Theory of Computation
Theory of computation studies computation before it becomes a particular programming language, operating system, or machine architecture. It asks which problems can be solved at all, which ones can be solved by limited devices such as finite automata or pushdown automata, and which solvable problems demand unreasonable resources. The subject is abstract, but its abstractions are practical: scanners in compilers behave like finite automata, parsers are organized around context-free grammars, termination questions explain why fully automatic program verification is limited, and complexity theory explains why many optimization problems need reductions, approximations, heuristics, or randomized methods.
These notes follow the scope of Michael Sipser's Introduction to the Theory of Computation, third edition, without reproducing its text. They use the textbook as a map of topics: mathematical preliminaries, automata and languages, computability, decidability, reducibility, time complexity, space complexity, and selected advanced topics. Each page is written as a study note with definitions, key results, visual anchors, worked examples, code, pitfalls, and links to neighboring pages.
Definitions
A model of computation is a mathematical object that describes what counts as a computation. In this course the main models are deterministic finite automata, nondeterministic finite automata, regular expressions, context-free grammars, pushdown automata, Turing machines, and variants of Turing machines. A model is useful when it is precise enough for proof and simple enough to reveal structure.
A language is a set of strings over an alphabet. Many questions in the course are language-recognition questions: given an input string, should a machine accept it or reject it? The same view can encode graphs, formulas, programs, arithmetic expressions, and scheduling instances by choosing a reasonable string representation.

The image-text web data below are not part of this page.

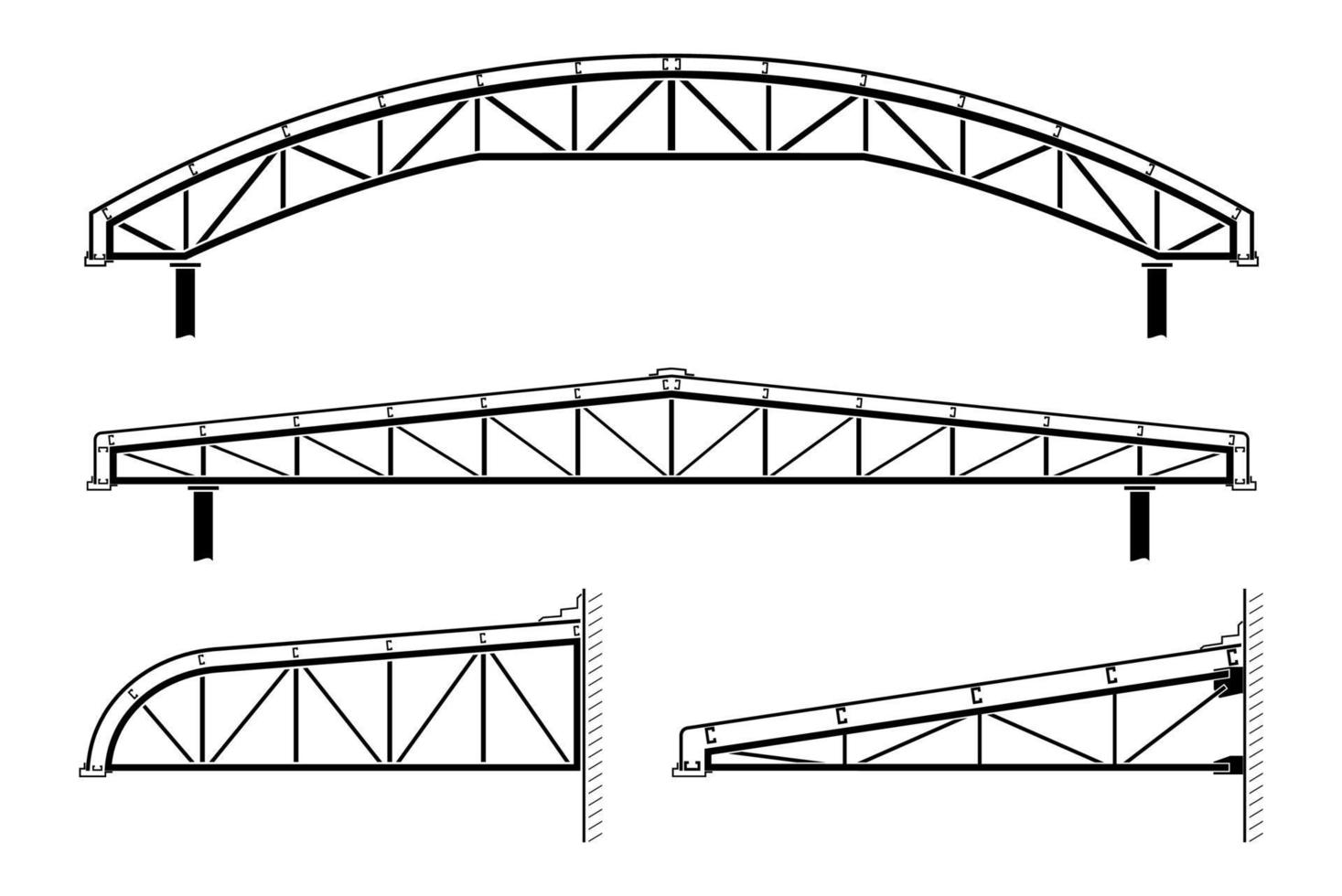 edificio de techado, cubierta de estructura de acero, juego de vigas de techo, ilustración vectorial vector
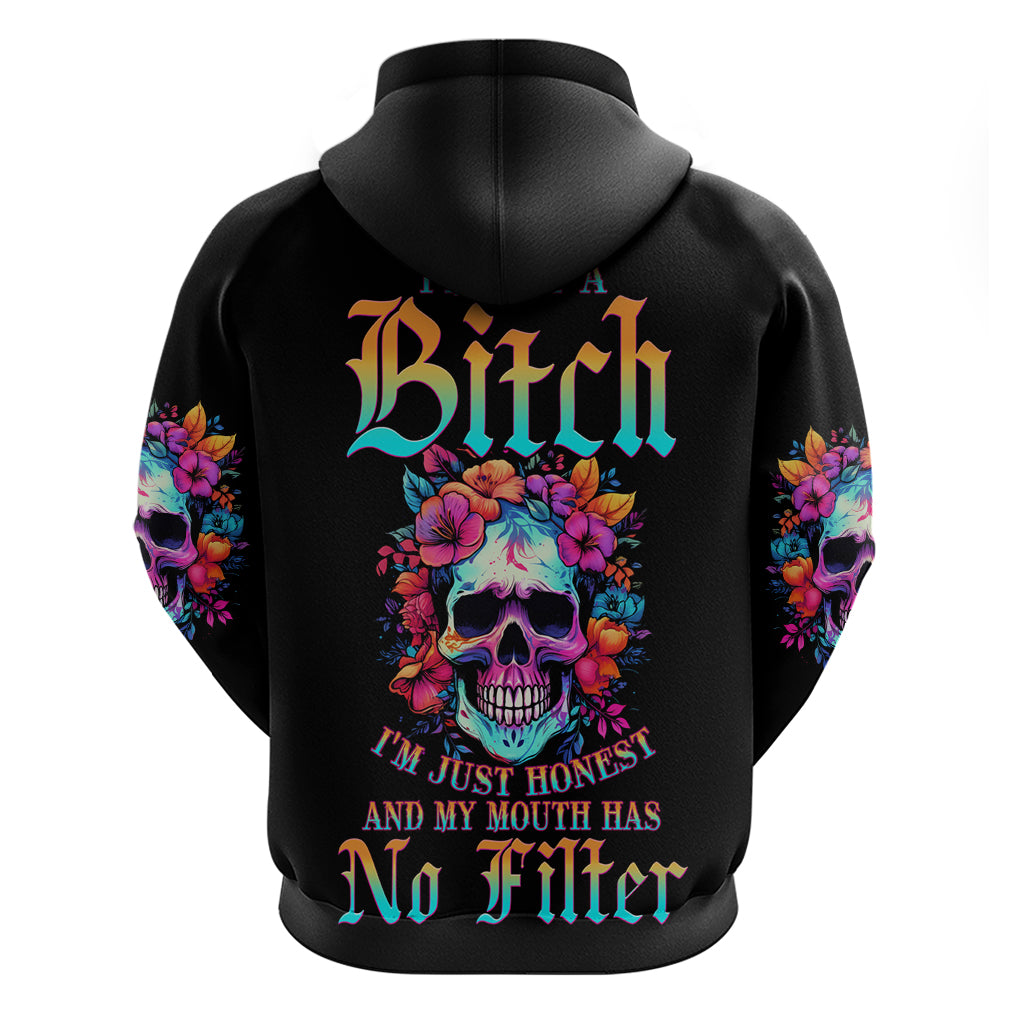 I'm Not A B I'm Just Honest Skull Roses Colorful Hoodie - Wonder Print Shop
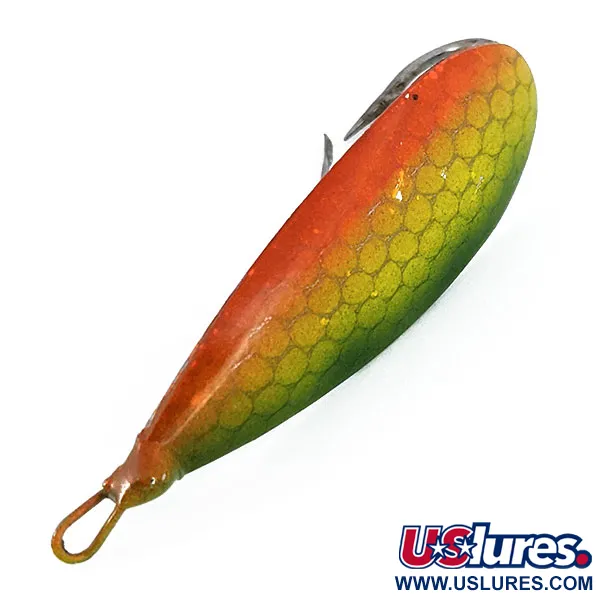  Незачіпляйка Johnson Silver Minnow, помаранчевий/зелений/срібло, 12 г, блесна коливалка (колебалка) #14602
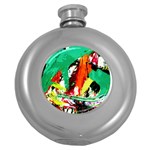 Tulips First Sprouts 7 Round Hip Flask (5 oz) Front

A decision problem is a yes-or-no problem represented as a language. A problem is decidable if some algorithm halts on every input and answers correctly. It is recognizable if some algorithm accepts exactly the yes-instances, possibly running forever on no-instances. These two notions separate total algorithms from semi-decision procedures.
A complexity class is a collection of languages decidable within a resource bound such as polynomial time, polynomial space, logarithmic space, nondeterministic polynomial time, or randomized polynomial time. Complexity theory treats resource bounds as mathematical objects so that hard problems can be compared by reductions.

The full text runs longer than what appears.